_Exercise directions_
Using the data that follows, output only the lines from the line with "Two female football" up to and including the line with "Buy stock photo", exactly, leaving pictures aside.

(Collected data entries)
# # #
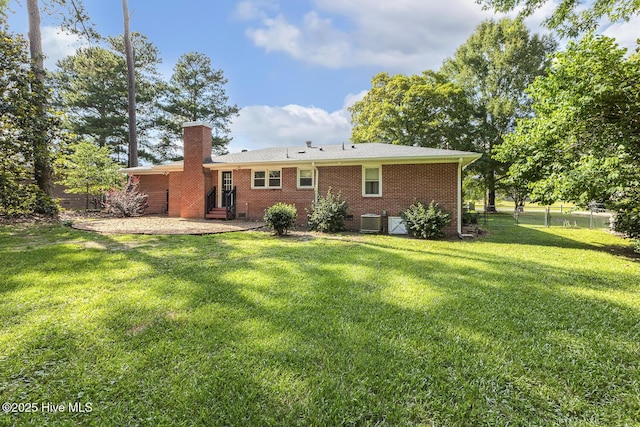 780 Leslie Campbell Ave, Lillington, NC 27546 - rear view of house featuring entry steps, a chimney, brick siding, a patio, and central air condition unit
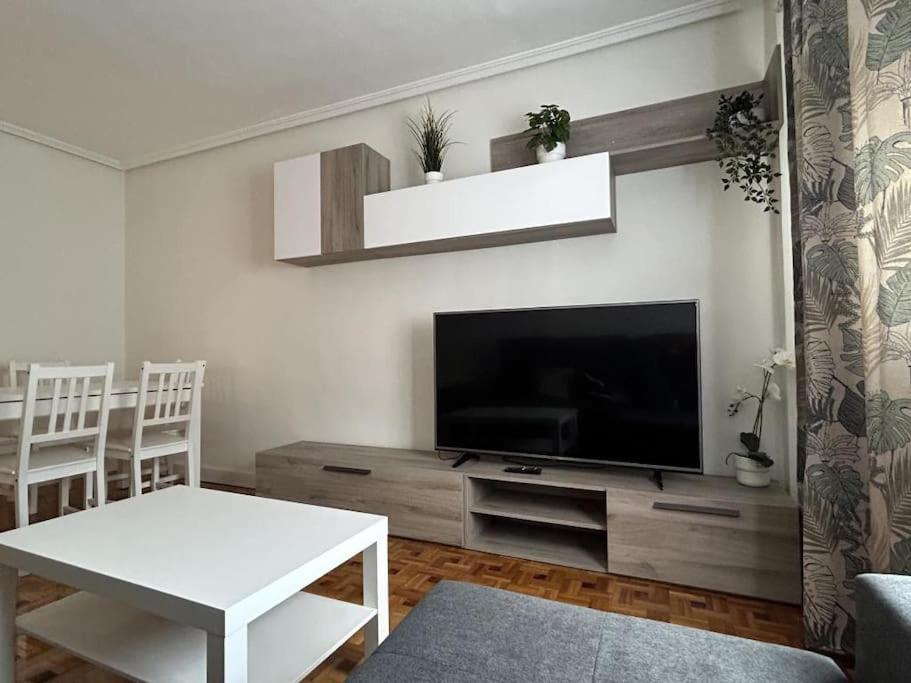 een woonkamer met een televisie en een witte tafel bij La posada de Don Pelayo in Noreña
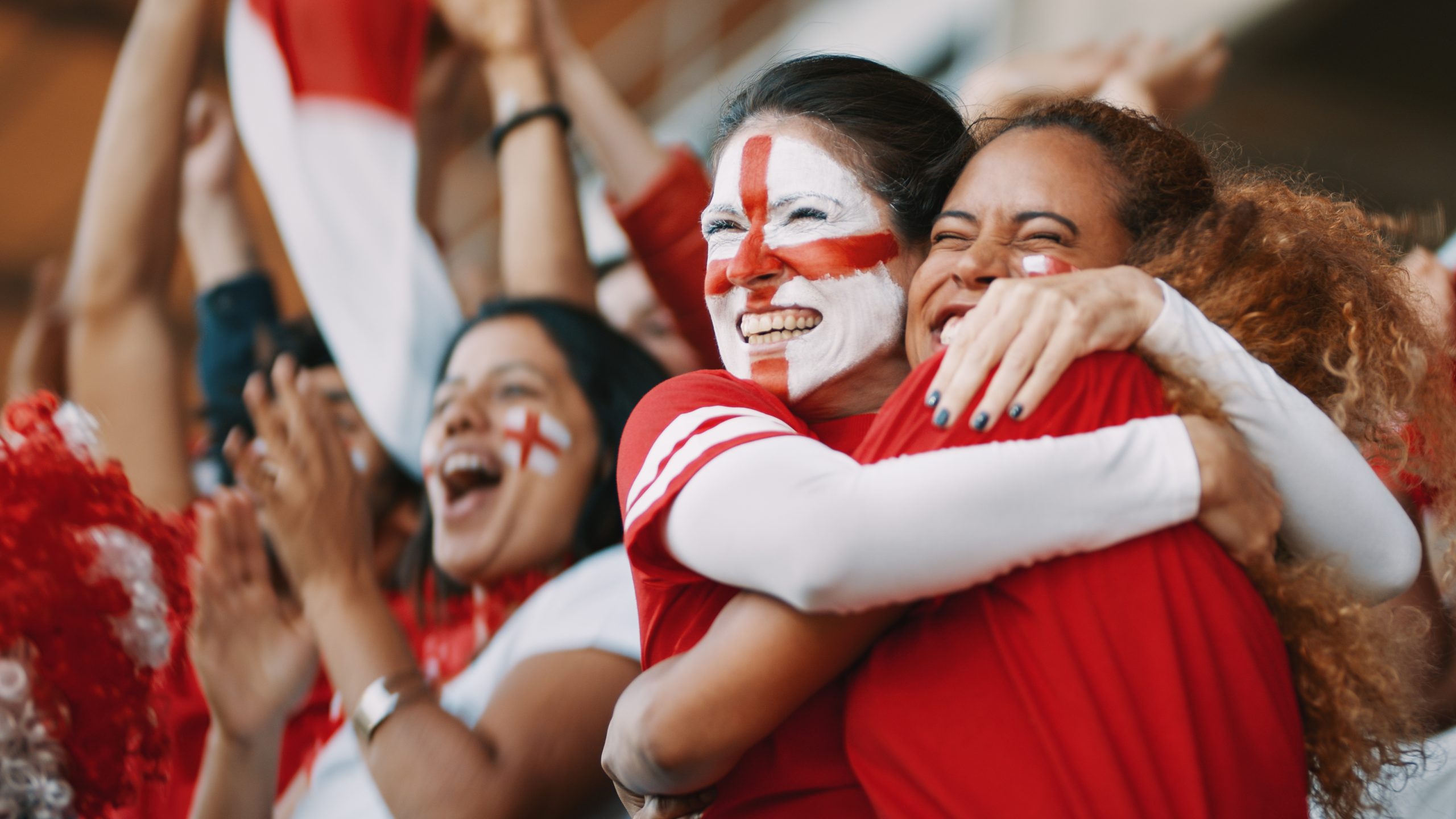 Two female football fans celebrating a goal. One has the England flag painted on her face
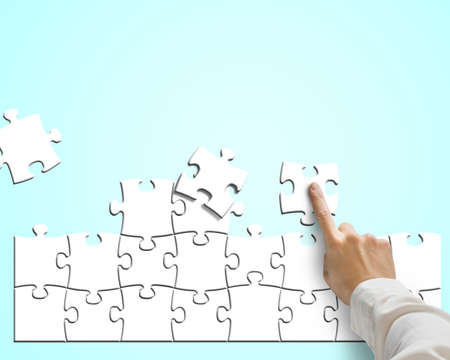 Hand pushing puzzle for assembling in blue background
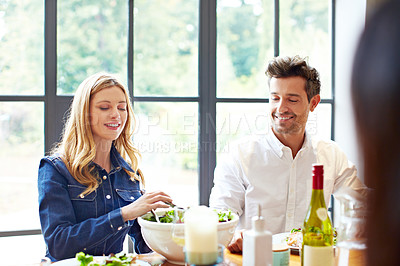 Buy stock photo Shot of a group of friends enjoying a home-cooked dinner together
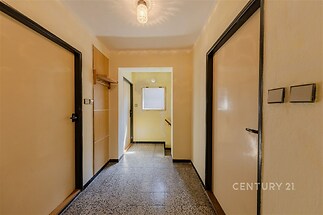 Chodba s dlažbou, světlá dispozice a vestavěné skříně vytvářejí praktický prostor v rekonstruovaném bytě.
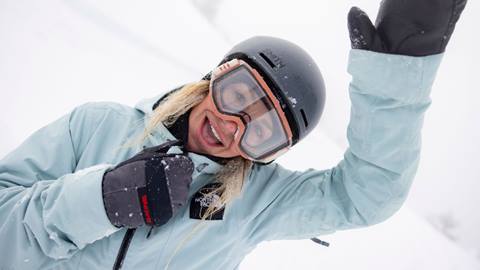 Adult in blue jacket, snow goggles, and helmet with one arm raised smiling at camera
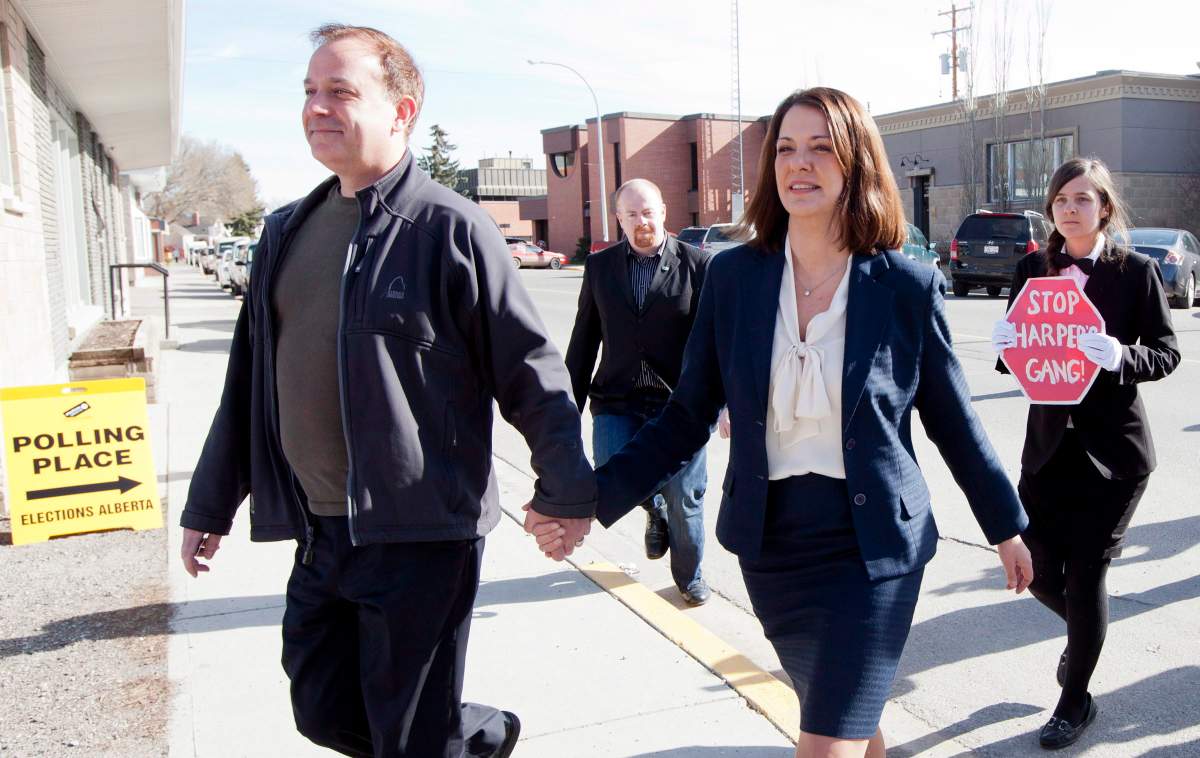 Then-Wildrose Leader Danielle Smith leaves a polling station with her husband David Moretta, left, in High River, Alberta to cast her ballot for the Alberta election Monday, April, 23, 2012.
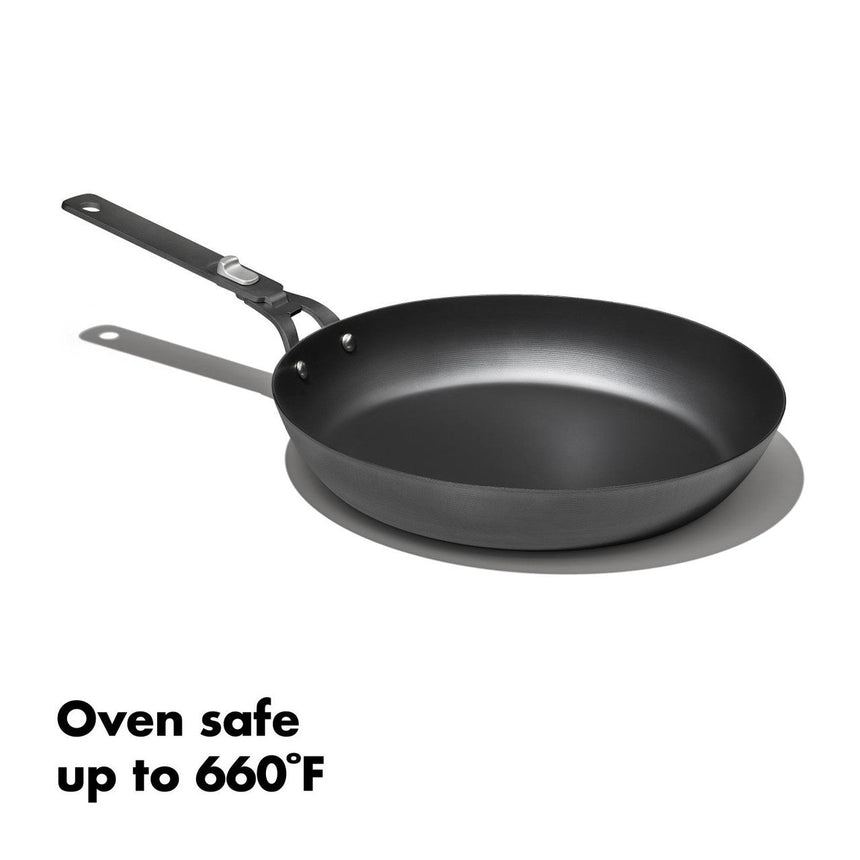 Black non-stick frying pan with a long handle.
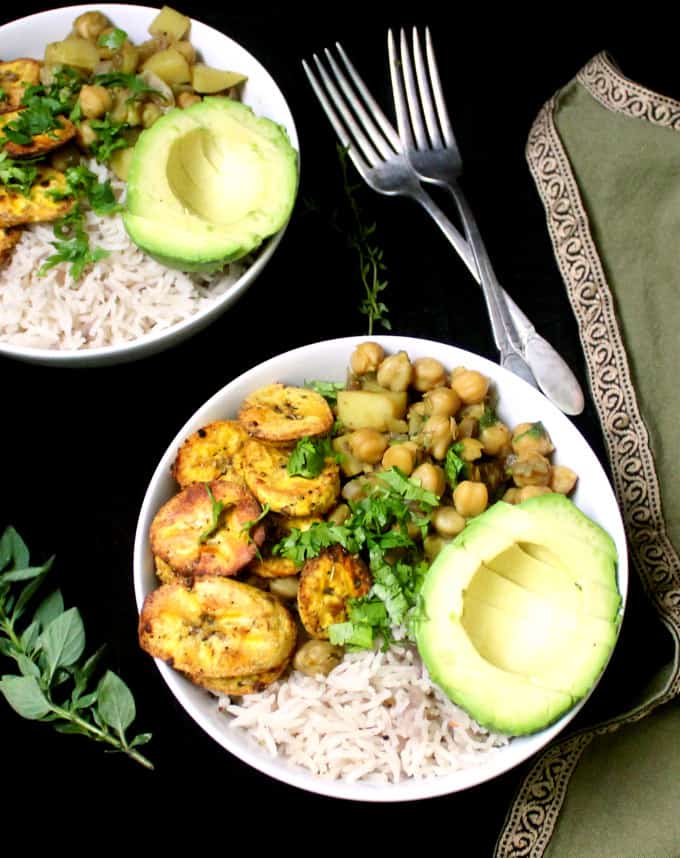 White bowls with plantains, chickpeas, avocado and rice. Forks and a napkin are on the side.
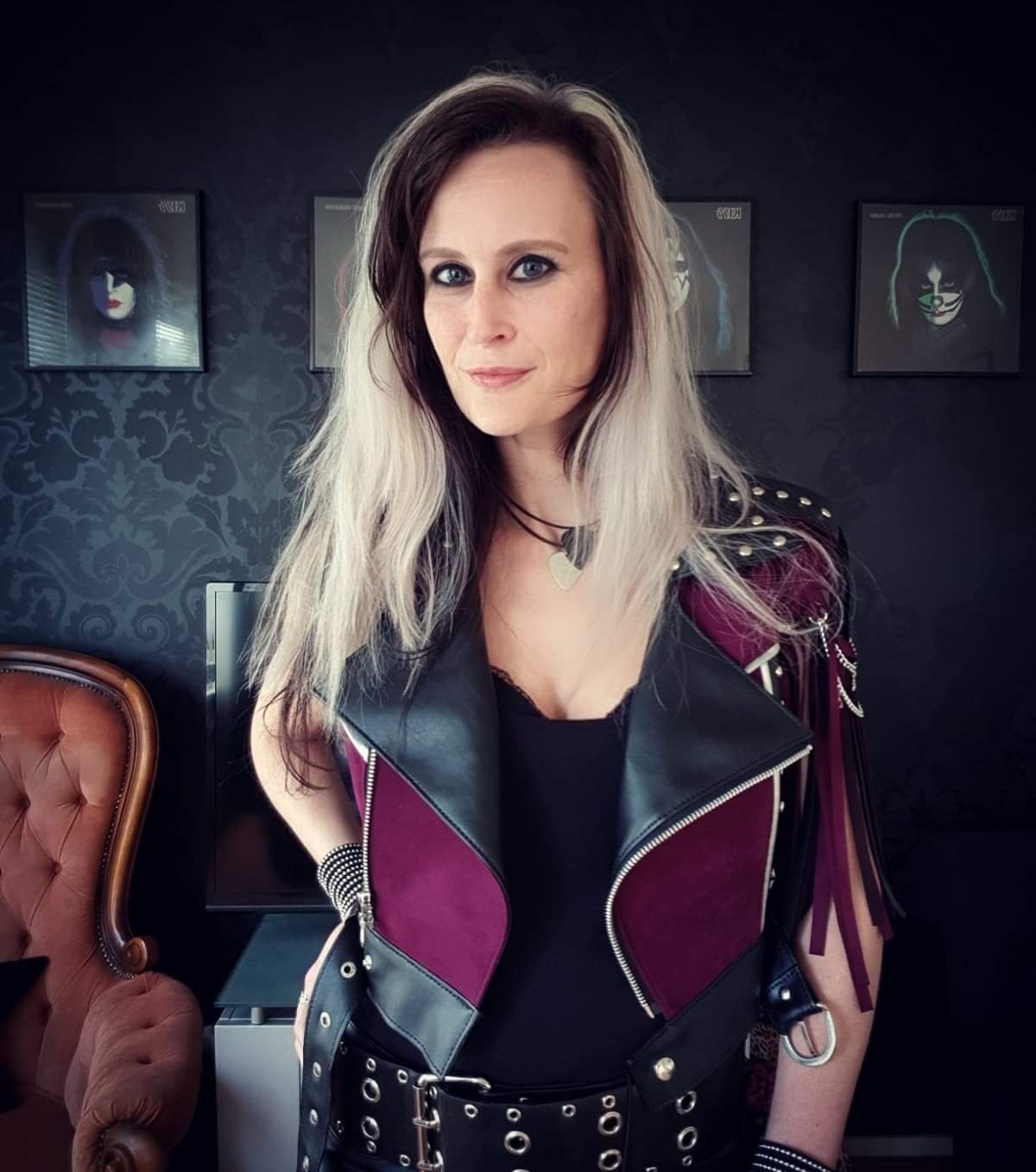 A woman with long, wavy blonde and brown hair, wearing a black top and a sleeveless leather vest with purple panels and metal studs, standing in a room with dark wallpaper and framed pictures of women with makeup and dark hair in the background.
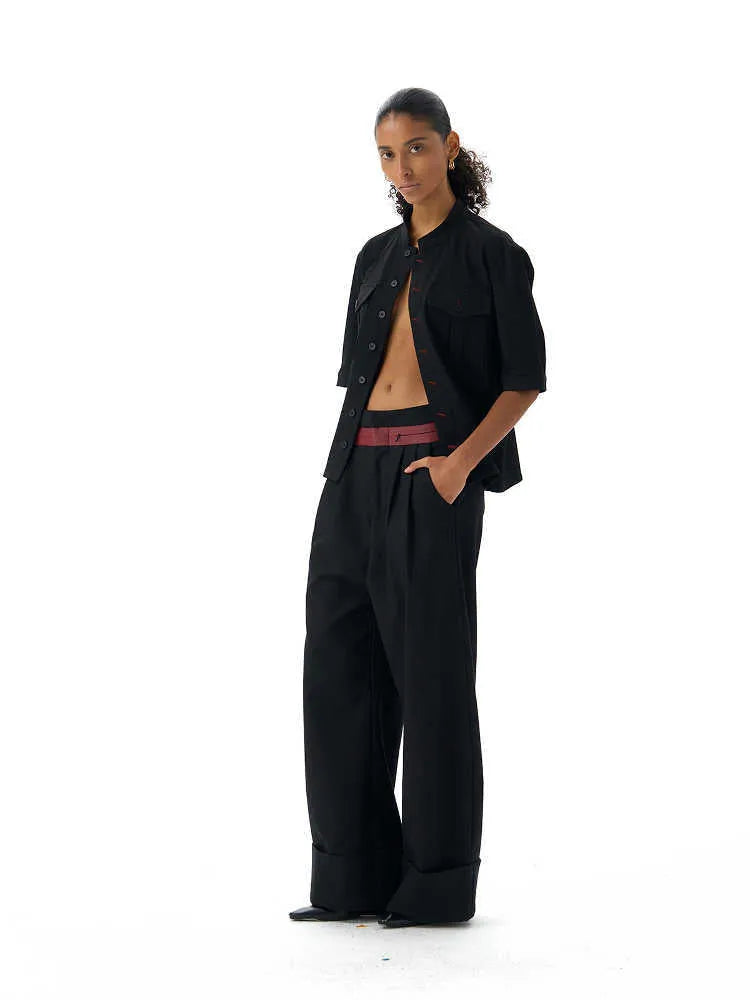 A black handmade half sleeve shirt with a shirt collar, shown on a hanger.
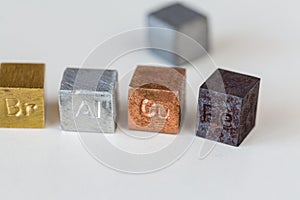 Different metal cubes on cream background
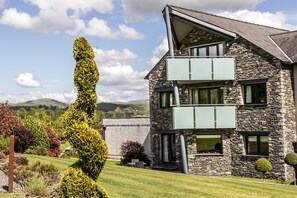 A two-story stone house with a balcony, surrounded by a well-maintained garden and a clear sky.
# # #
_Answer box_
 Two female football fans celebrating a goal. One has the England flag painted on her face
 Hand pushing puzzle for assembling in blue background
 Buy stock photo Shot of a group of friends enjoying a home-cooked dinner together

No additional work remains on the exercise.